Mr. Walsh said his action would not affect pending cases against Caspar W. Weinberger, a former defense secretary in the Reagan administration, and two former officials at the CIA, Duane R. Clarridge, a senior covert operations officer, and Clair E. George, once the third-ranking official at the agency. George's trial last month ended with the jury unable to reach a verdict but favoring acquittal.

Mr. Walsh, whose investigation has fallen dormant before only to revive, cautioned that the coming trials could conceivably unearth new evidence that could cause him to resume the inquiry. But, he added in his letter, "We do not expect to present any further matters to the grand jury, in absence of some new development before we close our offices."

Mr. Walsh appeared to be on the verge of his decision for weeks but acted yesterday after he concluded there was no point in prolonging the final phase of the inquiry, which had focused on possible wrongdoing by senior Reagan administration officials.
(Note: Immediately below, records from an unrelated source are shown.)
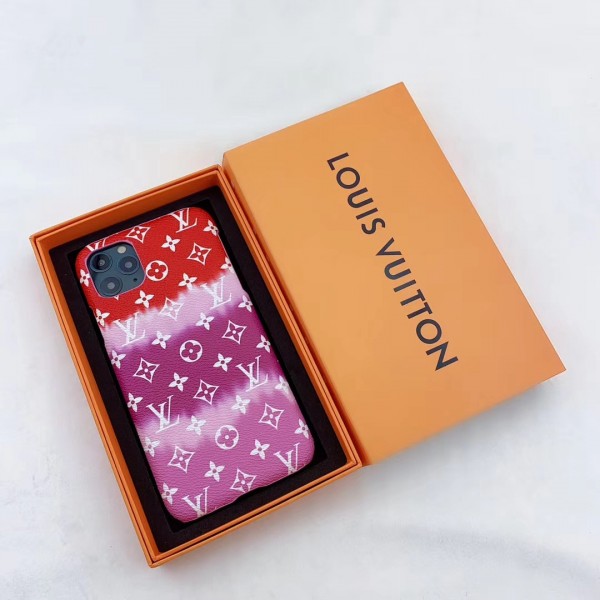 vuitton Galaxy s20/s20+/s20 ultraケースブランドルイヴィトンiphone12/12 pro/12mini/12pro max/11/11 pro max/SEケースカラフルGalaxy note20/s10/note10 plus/note9/s9ケースジャケットiphoneX/8/7 plusカバー人気お洒落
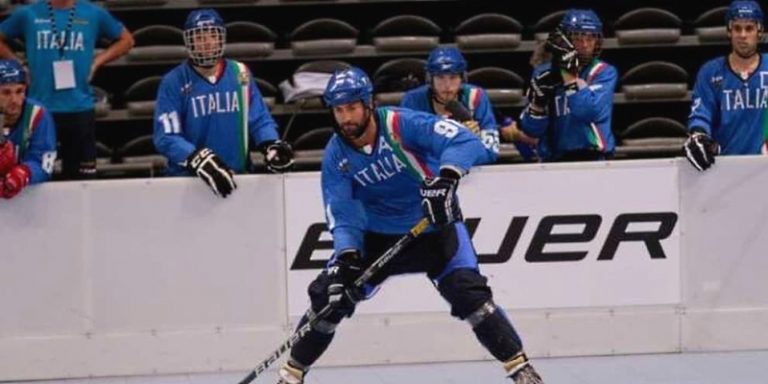 Si tengono in Abruzzo i campionati mondiali di hockey inline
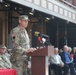 1-109th Field Artillery deactivation and 28th Division Artillery activation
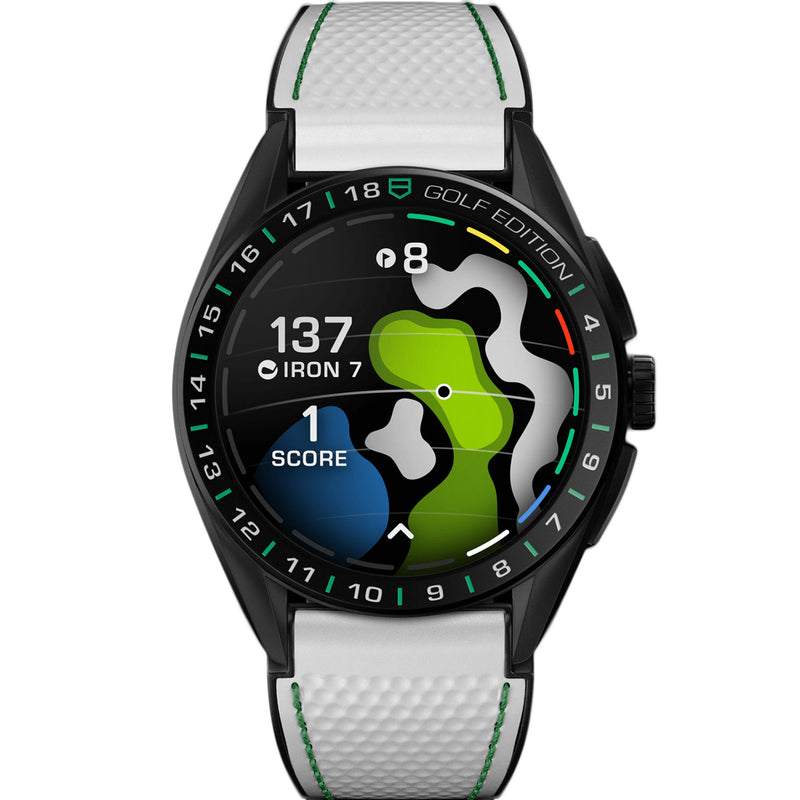 Bids.com Tag Heuer Men's Connected Golf Watches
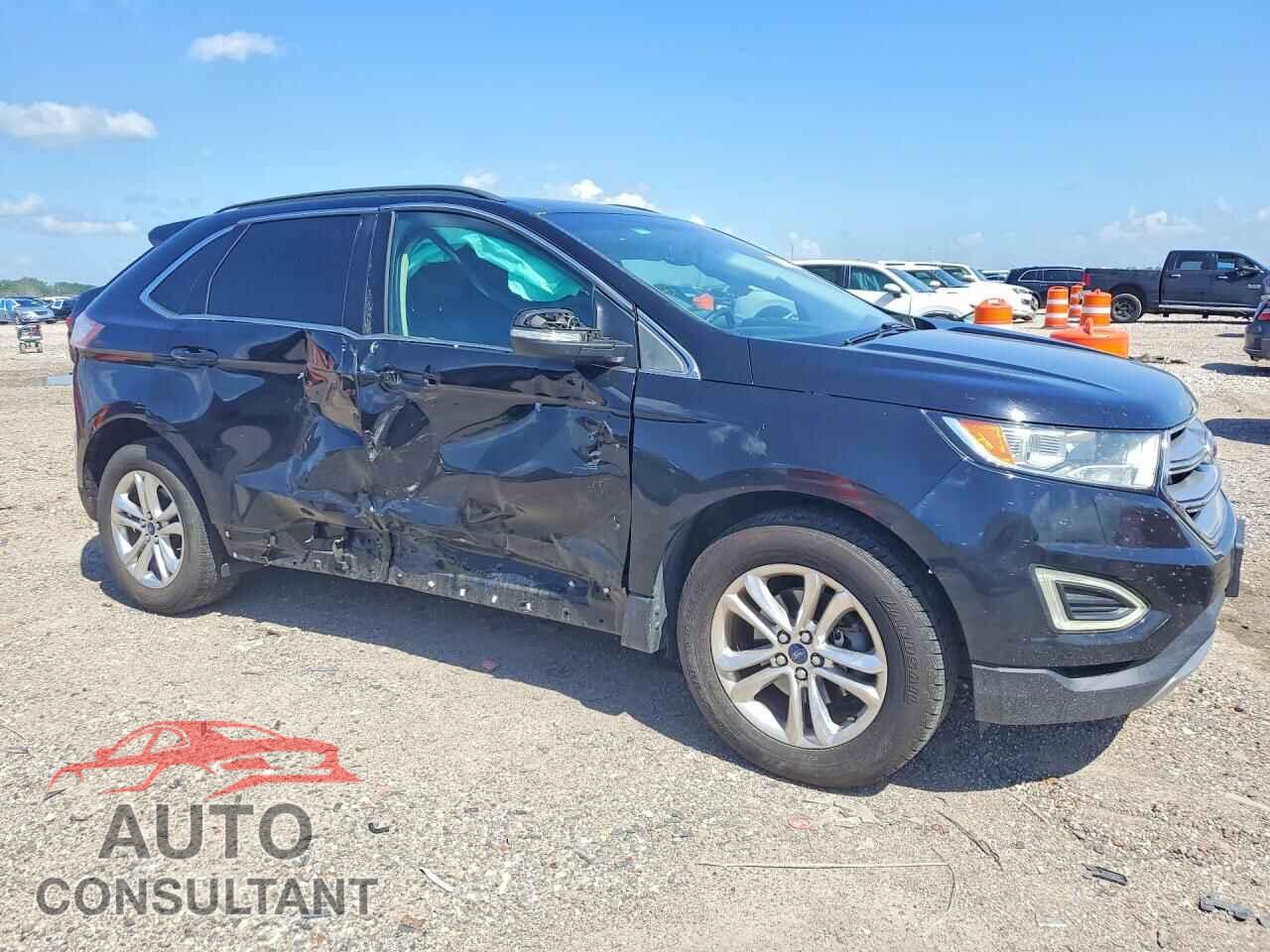 FORD EDGE 2017 - 2FMPK3J91HBC41238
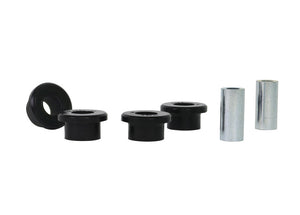 Whiteline Plus 10/01-9/07 Nissan X-Trail Front Control Arm-Lower Inner Front Bushing Kit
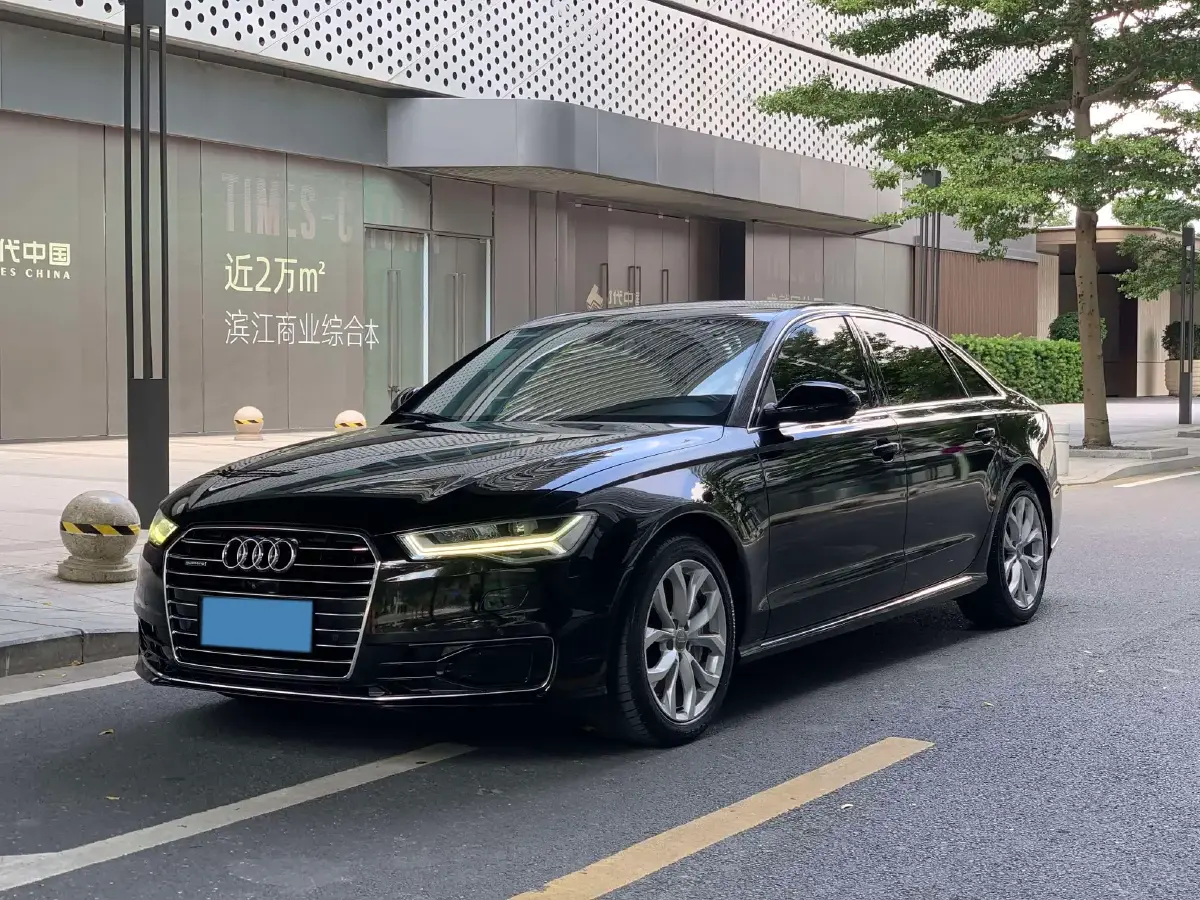 2016 Audi A6L 3.0T 272HP V6 7DCT
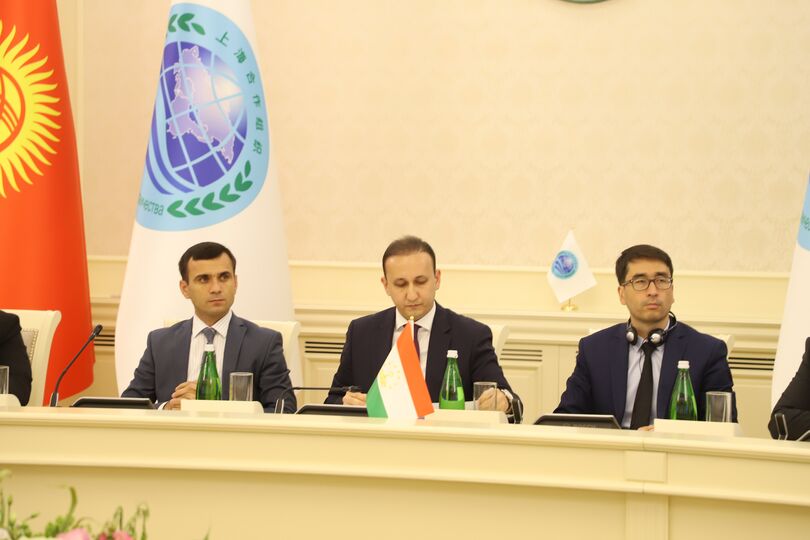 Национальные координаторы обсудили подготовку  к Душанбинскому саммиту ШОС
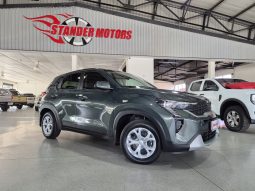 2025 Kia Sonet 1.5 LS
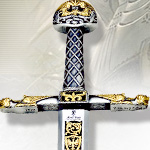 Marto Sword of Charlemagne Limited Edition AC0400 Marto Sword of Charlemagne Limited Edition AC0400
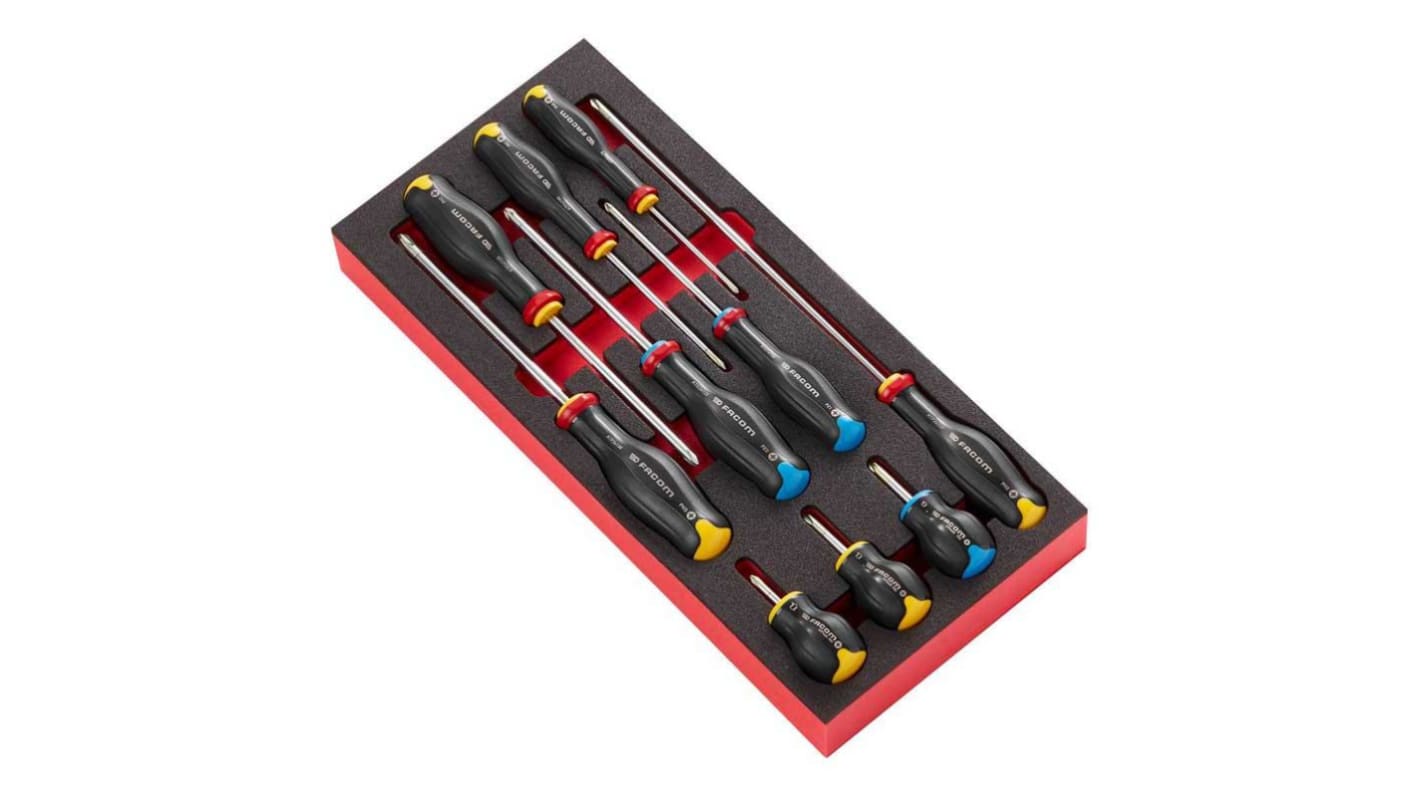 Facom Phillips Screwdriver Set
The investigation resulted in the indictment of Mr. Weinberger but did not uncover concrete evidence of a conspiracy to cover )) up Mr. Reagan's knowledge of the earliest secret arms shipments to Tehran in 1985. In August, Mr. Walsh wrote to Mr. Reagan, saying he was not suspected of any wrongdoing in the affair.

"We had it just about done, and there were a couple of things hanging, and we got to the last thing we had to cover this morning," Mr. Walsh said in a telephone interview after he sent the letter to Judge MacKinnon, a member of the Court of Appeals for the District of Columbia Circuit, and a similar one to Attorney General William P. Barr.

Mr. Walsh said he was satisfied that that investigation had "covered the areas that were assigned to us to cover. There's no further action for us to take at this time."

After 11 completed prosecutions, resulting in eight convictions or guilty pleas, Mr. Walsh's half-decade pursuit of Reagan officials remains the subject of intense debate. His critics have grown bolder since the convictions in his two most celebrated cases, against John M. Poindexter, the national security adviser, and Oliver L. North, a National Security Council aide, collapsed in under appeals.

Mr. Reagan's supporters have harshly criticized the inquiry as an unsupervised witch hunt by a prosecutor obsessed by phantom conspiracies that make criminals out of loyal Reagan aides who carried out the president's policies.